The argument is not entirely amoral or unconvincing, because South Africa’s fuel levy has been the government’s milk cow for years. Diesel skimming is only a consequence of government stupidity. This should also be a warning for anyone who is calling for a climate tax, because by fixing the price of fuel, the black market’s fuel price becomes profitable. The usual line that follows from this is that we need the police to do their job!
This argument is also not thought through properly, because South Africans who are calling for the police to step in, might need to look at the history of black markets and ask whether or not the police does get rid of them. History tells us that it leads to more violence and bloodshed when cartels are fighting for a smaller market share. This was the case in New York under the Mafia boss Lucy Luciano in the 1920s.
Luciano explained in his autobiography that the mafia could get away with their crimes, because there are always some crimes that the public at large are prepared to accept. In those days, his crime was selling whisky when it was illegal to do so. The illegal laws gave him enough profit to run a bigger enterprise than General Motors at the height of their production. When the police started cracking down on him it intensified the turf wars in New York and resulted in the rise of the American Mafia.
Luciano’s 2nd business principle was that the most important document in any business is the debtor’s list and that a good CEO should always make sure that the judges, policemen and politicians are the ones who get paid first. Luciano was a badly educated migrant, but he had an intuition and sense of power. The police in America could not figure out how to deal with him, because they also had their hands in the cookie jar. It is the classic case of how black markets corrupt a society. For the decades of the 1920s, Luciano was unstoppable and photographed by the press among New York’s business and political elite. His luck was about to run out when President Franklin Roosevelt ran on the ticket of getting rid of prohibition. Roosevelt himself was governor of New York, but the political debate of ending prohibition started with his predecessor Al Smith. Smith’s argument was that prohibition was simply unenforceable given the corruption that he saw in New York.
In 1933, the 18th Amendment to the US constitution was appealed and prohibition abolished, alcohol was made legal again. The lack of illegal money quickly made the mafia unstable and without a good stream of income they started to collapse. In 1936, only three year later, the Mafia boss was sent to jail. As soon as the debtor’s list went unpaid, Luciano could no longer count on corrupting the system.
The experiment in prohibition in America has been cited as a case study by those of us who are calling for legalising prostitution and drugs, for years. It is not that we wish to encourage these activities, but rather because the best way to get rid of any cartel would be to take away the economic power that lies behind it.

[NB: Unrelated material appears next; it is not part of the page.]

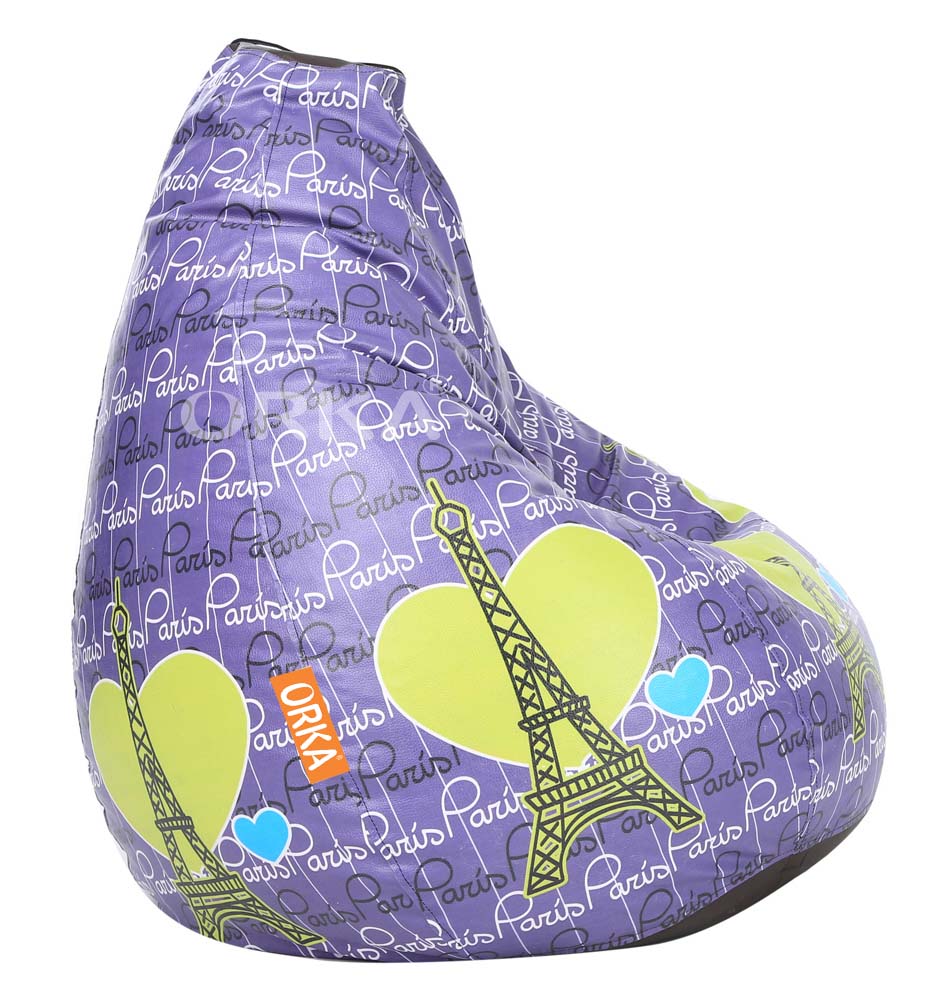 Orka Digital Printed Purple Bean Bag Paris Love Theme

In the case of diesel skimming, this can only be done by lowering the fuel levy and by consequence driving down the business margins of companies such as Beki’s. The illegal industries will collapse within months, because the crimes associated with them will no longer pay. Young men would not be given an incentive to enter these industries. Like Luciano’s mafia the real crooks behind all of this will turn on each other and eventually be brought to the book.

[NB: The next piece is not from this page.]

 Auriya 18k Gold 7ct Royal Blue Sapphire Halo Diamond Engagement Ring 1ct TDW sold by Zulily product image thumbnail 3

If South Africa follows this basic principle in dealing with cartels, then perhaps we can come to a point where we can address the deeper question that underlies all of this. What exactly persuades young, and black men in particular, to become diesel skimmers for only a few 100 Rands a day? The answer is more difficult, because it is a sad reflection on the opportunities that are afforded to them by our society.
Hügo Krüger is a civil and nuclear engineer. He served on the SRC at the University of Pretoria in 2011 and had the portfolio Multilingualism and Culture.